I would say, the physical meaning of $\omega = \frac{2 \pi}{T}$ is the same as meaning of $f = \frac{1}{T}$. It is a frequency. Multiplying by a constant factor of $2 \pi$ doesn't change the physical meaning.

BvU
BvU
Homework Helper
2019 Award
At the risk of messing up a clear thread: $\ \sin \omega t \$ is the real part of $\ e^{i\omega t} \$ and in the complex plane that $\omega t$ is an angle.
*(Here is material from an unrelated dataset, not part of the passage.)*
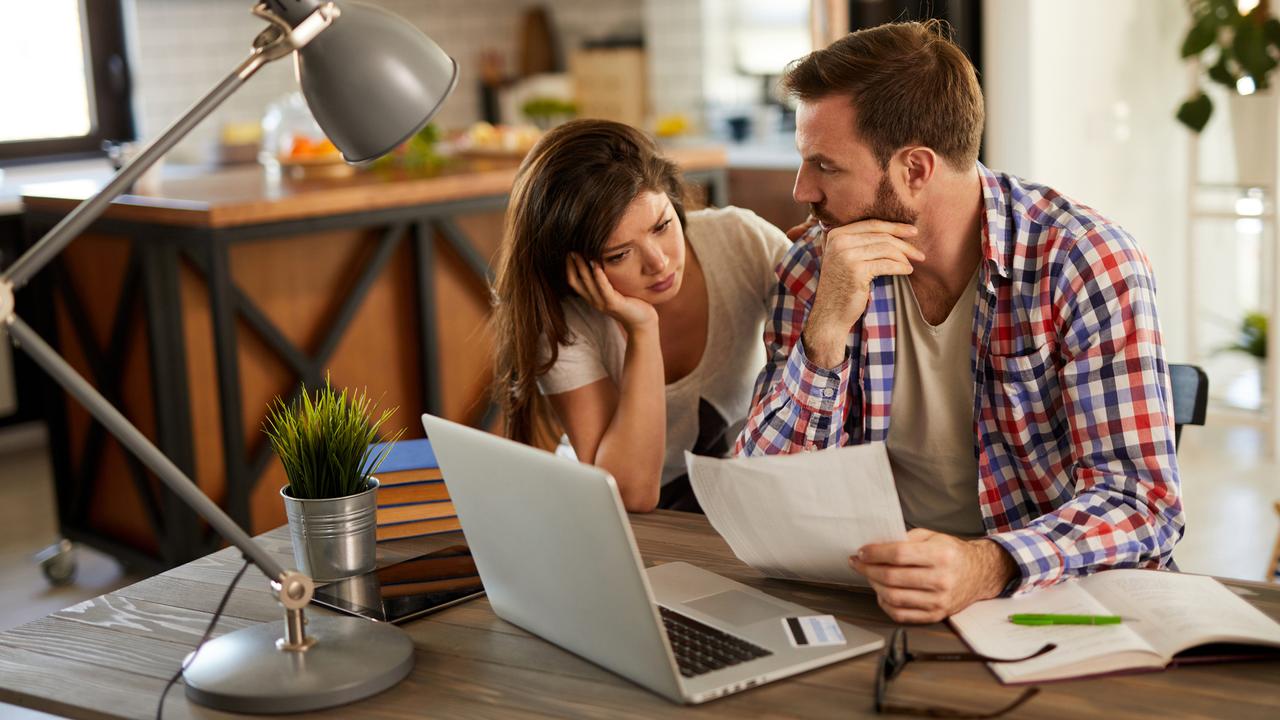 Frustrated couple checking bills at home using laptop.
Personally, I'd say that's more of a mathematical motivation to call it an angular speed than a physical one, but we definitely can't do without math, so we gladly adopt a lot of the lingo.

robphy
Homework Helper
Gold Member
At the risk of messing up a clear thread: $\ \sin \omega t \$ is the real part of $\ e^{i\omega t} \$ and in the complex plane that $\omega t$ is an angle.
The $\mbox{Real part}\ \Re(z)=\displaystyle\frac{z+\bar z}{2}$.
So, since $e^{i\theta} =\cos\theta + i\sin\theta$
and $\overline{e^{i\theta}}=e^{-i\theta} =\cos\theta - i\sin\theta$,
we have
$\mbox{Real part}\ \Re(e^{i\theta})=\cos\theta$.

BvU
robphy
Homework Helper
Gold Member
How do you resolve the pendulum equation,

$\theta(t) = \theta_0 \sin(\omega t)$

where its first derivative is the angular speed $\theta'(t)$ which obviously varies with time and $\omega$ (angular frequency) is a constant,

$\theta'(t) = \theta_0 \omega \cos(\omega t)$
Since $\theta$ is the angular-position,
I would call $\theta'(t)$ the angular-velocity (in analogy to $v=dx/dt$)
(generally it's a vector, as mentioned above).
I would call its magnitude $|\theta'(t)|$ the angular-speed.

In $\sin(\omega t)$, I would call $\omega$ the phase-frequency
in order to avoid "angular-frequency", which is a potentially confusing term in this context
since there are two different angles here:
• the angle $\theta$ in space (describing the configuration of the pendulum in ordinary space),
• the angle $\frac{2\pi t}{T}$ in phase (describing the configuration of a clock-hand describing the advance of time).